So I’m about 10 hours into my programming career; bear with me please. My

  • 0

So I’m about 10 hours into my programming career; bear with me please.

My attempt to solve the problem of creating a website with an HTML input area and button such that entering a number between 0 and 100 inclusive and clicking the button will take your score and return an alert box with whatever letter grade corresponds to that score is as follows:

First, the .js file

function grade() {
  score = document.form1.grade.value;
  if (score==100) {alert("Perfect score!");}
  else if (score>=90) {alert("You got an A");}
  else if (score>=80) {alert("You got a B");}
  else if (score>=70) {alert("You got a C");}
  else if (score>=60) {alert("You got a D");}
  else {alert("Failure.");}
}

And the HTML:

<form name="form1" onsubmit="return false">
  <input type="number"
  name="grade"
  value=""
  min="0" max="100">
</form>
<input type="button" value="Grade" onclick="grade()">

I understand that this is at the level of being trivial, but just doing this simple exercise raised a ton of questions for me.

  1. Why does the button not work if I put it within the form tags?
  2. I tried for an unreasonably long time to get the js to work with switch.

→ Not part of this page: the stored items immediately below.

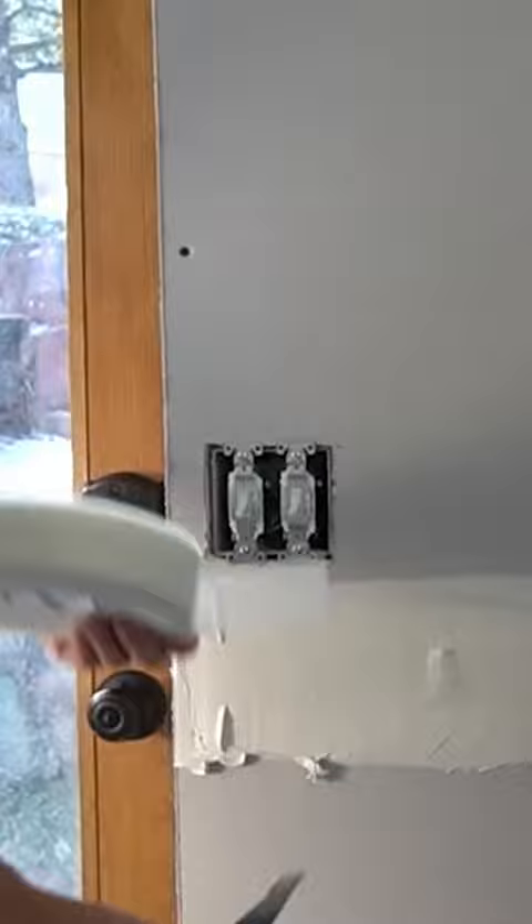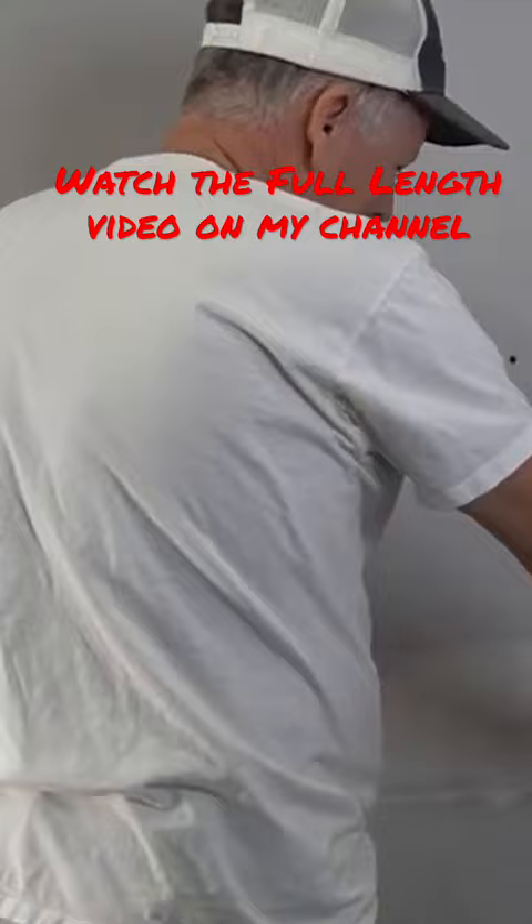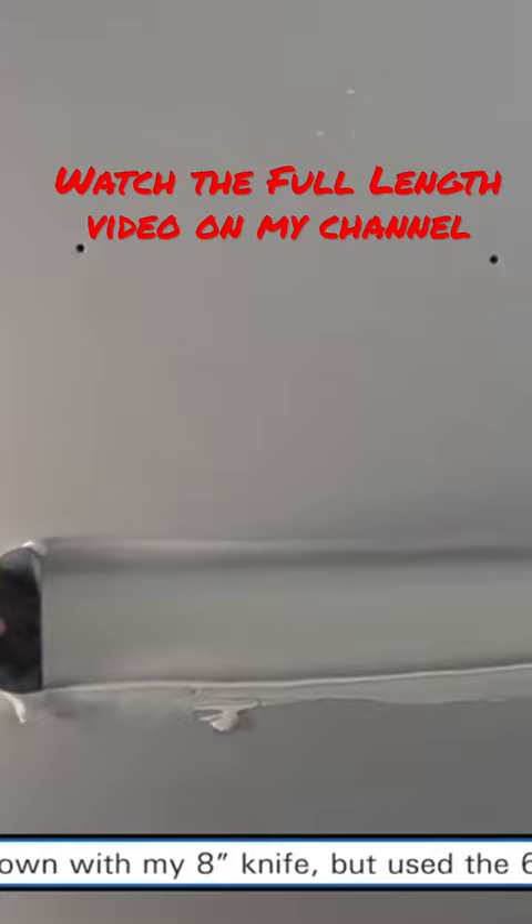Let's see if I can talk and tape at the same time here. We just come across, get to the length we want, and cut it off like that. Now whether you're taping with a banjo, a bazooka, tape buddy, or by hand, you generally want to wipe from somewhere away from the end towards the end. Then you can go back over it and clean that up.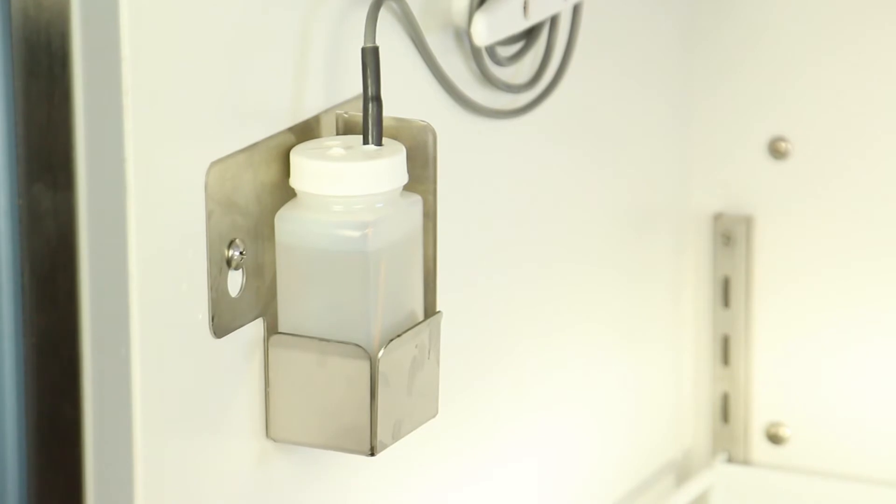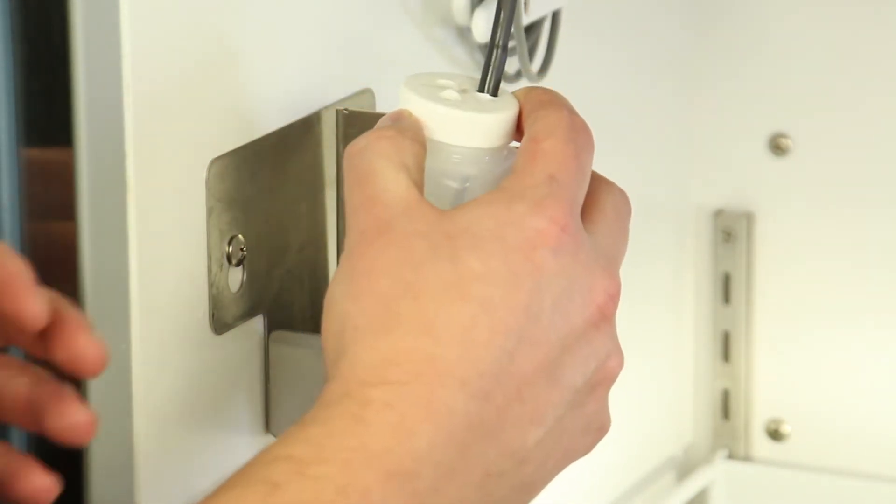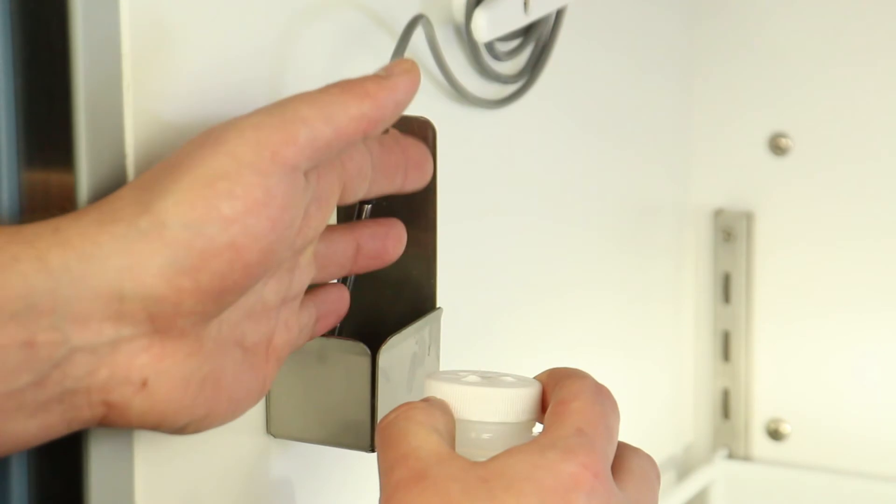First, remove the primary monitor probe from the upper probe bottle. Then unscrew the cap from the bottle.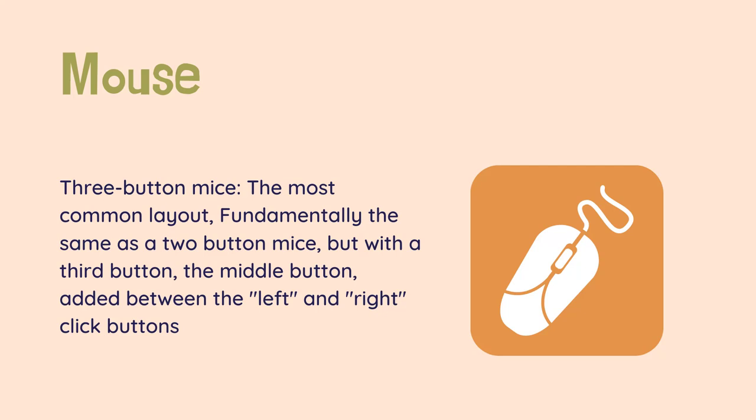Three-button mice are the most common layout, fundamentally the same as a two-button mouse, but with a third button — the middle button — added between the left and right click buttons. While the mouse technically has three buttons, this may be confusing to some users, as the middle center click button is also a scroll wheel. This design allows the user to scroll through documents, make selections, and do other tasks by moving a finger.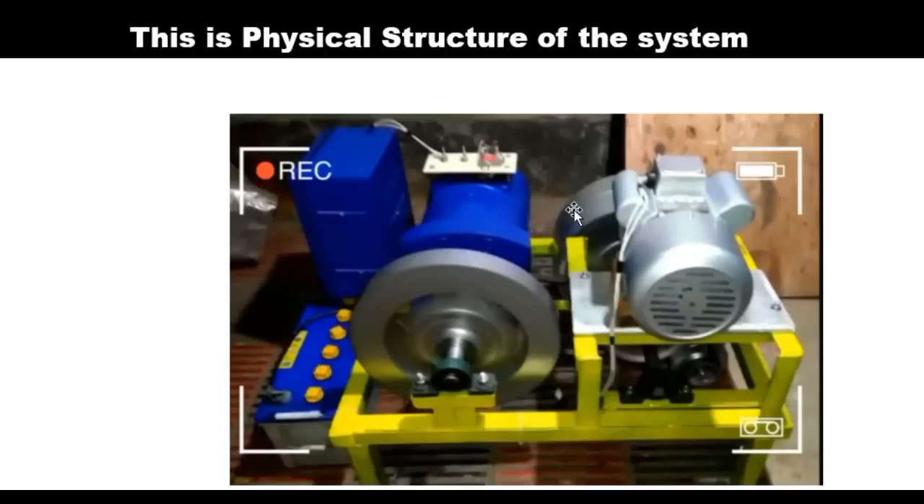If you look at it critically, this is the accelerator, this is the electric motor, this is the flywheel, this is the control unit, this is the control bus, these are the batteries, and this is the constructed ions. If you look critically here, this is the bearing — the bearing that holds the iron of the generator — and this is the flywheel, which you already know the function of. The control unit controls every electrical aspect, as long as these cables are all connected to it.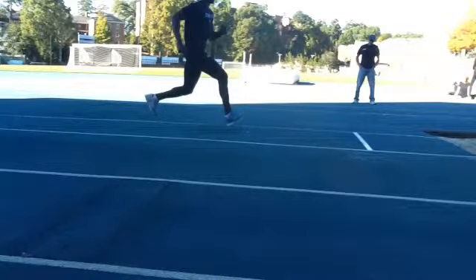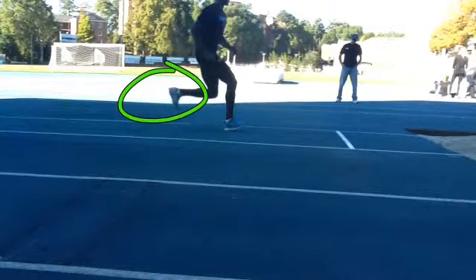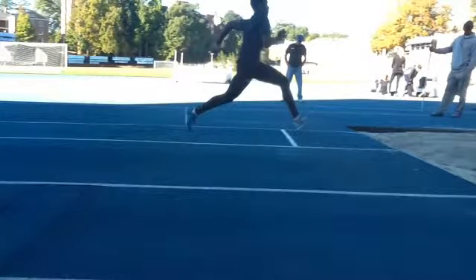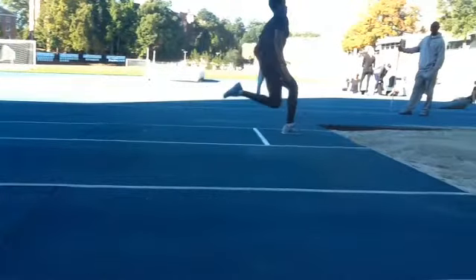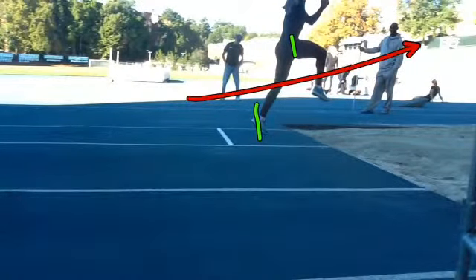On the takeoff foot, you keep the shin below parallel — or no higher than parallel. You swing it in low, you prep the foot with a toe above the heel, you contact that flat again — very nice. And then really good displacement to move out and not up.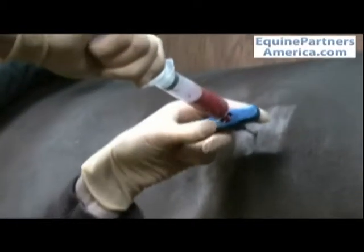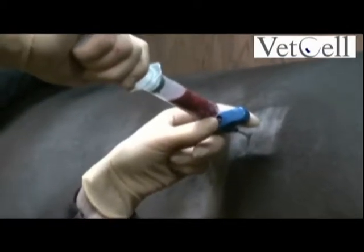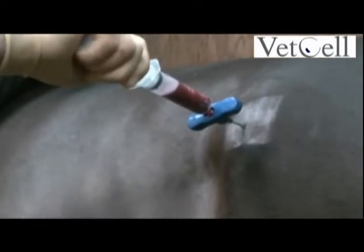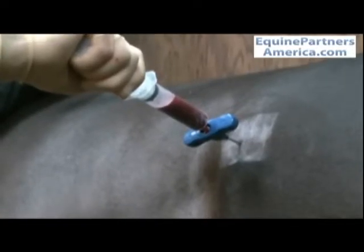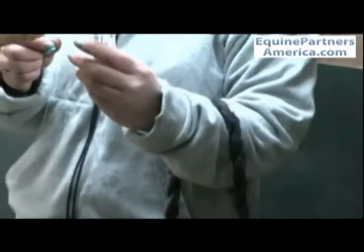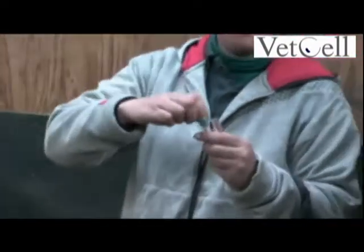Now this has got no anticoagulant in it, so we need to be fairly rapid about getting it into the citrate vials. Grab a couple of tubes. Getting a good collection here. These ones you have to shake vigorously as they clot quickly.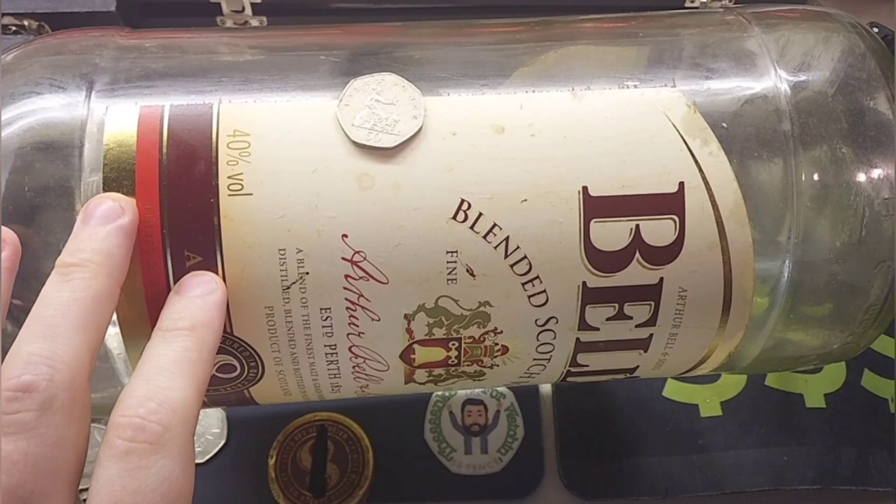If anyone's had any bargains, any Best Buys over the last few weeks, please do share them and I'll let everyone know about them in the upcoming Dan's Dollars Best Buy video.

Is there a way to do it or am I doing it right with several if/else if statements?
  3. When I didn’t have onsubmit="return false" pressing enter in the text field basically borked everything, and `onsubmit=”grade()” didn’t work at all. Is there any way to make it so that when you enter a number (87) and press return it doesn’t submit but executes the grade() function?
  4. Any general structural improvements?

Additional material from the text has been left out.